◆ Task prompt ◆
Reproduce exactly the lines from the one containing "Photo of Bathroom in Mazagon" through the last line of the data, both ends included.
BEGIN
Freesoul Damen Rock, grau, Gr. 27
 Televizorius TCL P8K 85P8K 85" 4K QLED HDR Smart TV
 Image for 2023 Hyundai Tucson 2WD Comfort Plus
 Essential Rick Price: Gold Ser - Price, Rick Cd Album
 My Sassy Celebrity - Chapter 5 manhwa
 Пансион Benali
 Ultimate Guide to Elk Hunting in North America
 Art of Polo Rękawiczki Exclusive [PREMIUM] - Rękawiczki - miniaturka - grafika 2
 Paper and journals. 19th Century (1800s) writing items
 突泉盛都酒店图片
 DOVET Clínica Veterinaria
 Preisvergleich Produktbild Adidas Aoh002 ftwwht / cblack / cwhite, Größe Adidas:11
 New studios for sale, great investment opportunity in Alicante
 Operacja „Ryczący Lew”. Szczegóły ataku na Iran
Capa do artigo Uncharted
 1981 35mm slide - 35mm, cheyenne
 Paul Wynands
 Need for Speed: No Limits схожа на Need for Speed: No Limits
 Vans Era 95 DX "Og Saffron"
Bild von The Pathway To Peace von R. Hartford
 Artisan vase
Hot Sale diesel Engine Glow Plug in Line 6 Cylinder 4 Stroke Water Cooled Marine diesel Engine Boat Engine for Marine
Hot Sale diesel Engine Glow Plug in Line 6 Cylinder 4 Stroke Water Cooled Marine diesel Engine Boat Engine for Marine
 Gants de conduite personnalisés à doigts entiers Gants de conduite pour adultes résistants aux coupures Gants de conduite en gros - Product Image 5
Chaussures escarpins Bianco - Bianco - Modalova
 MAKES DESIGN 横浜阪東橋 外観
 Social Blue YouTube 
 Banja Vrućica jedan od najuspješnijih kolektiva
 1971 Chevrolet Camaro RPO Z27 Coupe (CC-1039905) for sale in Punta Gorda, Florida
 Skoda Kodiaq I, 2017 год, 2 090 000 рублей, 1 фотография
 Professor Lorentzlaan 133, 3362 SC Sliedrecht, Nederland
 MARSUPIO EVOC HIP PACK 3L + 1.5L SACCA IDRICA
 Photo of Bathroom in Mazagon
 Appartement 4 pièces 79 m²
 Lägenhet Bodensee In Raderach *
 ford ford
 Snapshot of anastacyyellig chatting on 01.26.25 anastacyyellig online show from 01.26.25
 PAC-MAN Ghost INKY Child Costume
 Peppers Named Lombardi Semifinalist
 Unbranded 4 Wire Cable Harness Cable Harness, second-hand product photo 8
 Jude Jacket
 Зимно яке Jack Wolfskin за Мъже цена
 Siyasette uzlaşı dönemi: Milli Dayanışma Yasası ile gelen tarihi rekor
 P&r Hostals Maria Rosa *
END
◆ Written response ◆
 Photo of Bathroom in Mazagon
 Appartement 4 pièces 79 m²
 Lägenhet Bodensee In Raderach *
 ford ford
 Snapshot of anastacyyellig chatting on 01.26.25 anastacyyellig online show from 01.26.25
 PAC-MAN Ghost INKY Child Costume
 Peppers Named Lombardi Semifinalist
 Unbranded 4 Wire Cable Harness Cable Harness, second-hand product photo 8
 Jude Jacket
 Зимно яке Jack Wolfskin за Мъже цена
 Siyasette uzlaşı dönemi: Milli Dayanışma Yasası ile gelen tarihi rekor
 P&r Hostals Maria Rosa *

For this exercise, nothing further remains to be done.